Check if this could also be the case in your script and if so, make sure to detach() tensors which should not store the entire graph with them.

Hi ptrblck,

Thanks a lot for the prompt reply.

Actually I have tried to detach the tensors and it doesn’t make an impact.

Could you please check the first three block, especially the third one in line 82 which says the increment of memory is over 27153241.914 MiB. It is quite weird.

This line seems to assign the output of node_forward to tree.state, which could indeed store the tensors with their graph.
However, based in the claimed value of 27153241.914 MiB, which would be 27153241.914 / 1024**2 ~= 25.9TB I don’t quite trust it or is your memory indeed growing by TBs?

Nope.
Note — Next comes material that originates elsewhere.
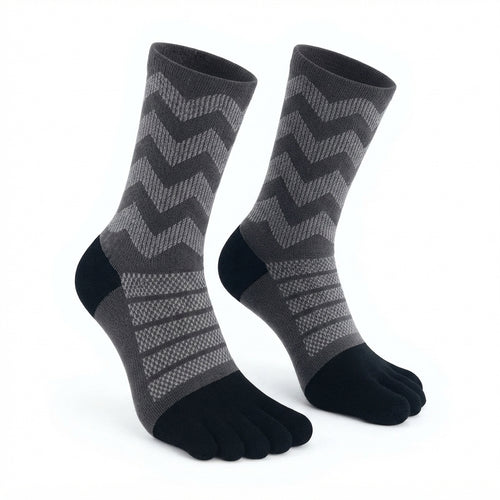 Chaussettes Foulée Mérinos Longues, gros plan sur la séparation des 5 orteils indépendants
The incremental number should be the sum in second block actually, and they will not be freed after each epoch. The insane number showing here is just there, they don’t reflect on the actual hardware or ‘free -m’ command. I only have a 64GB RAM machine.

In that case check where tree.state or tree is used and make sure it can be freed afterwards. For debugging purposes delete it right after the return and check, if your memory usage would still grow.

Hi ptrblck, thanks for the reply. Is there any chance the incremental memory results in the second block which do the node_forward and could not be freed? I don’t actually know how to free the tree.state or tree here.

I don’t know as your code is quite hard to read, but it could be.
You can free the variable by deleting it via del tree.
In case the memory is not released, another object would hold a reference to tree.

It seems I can’t simply del tree. I am wondering why the second block of’node_forward’ keeps taking memory? It is called in the third block of ‘forward’.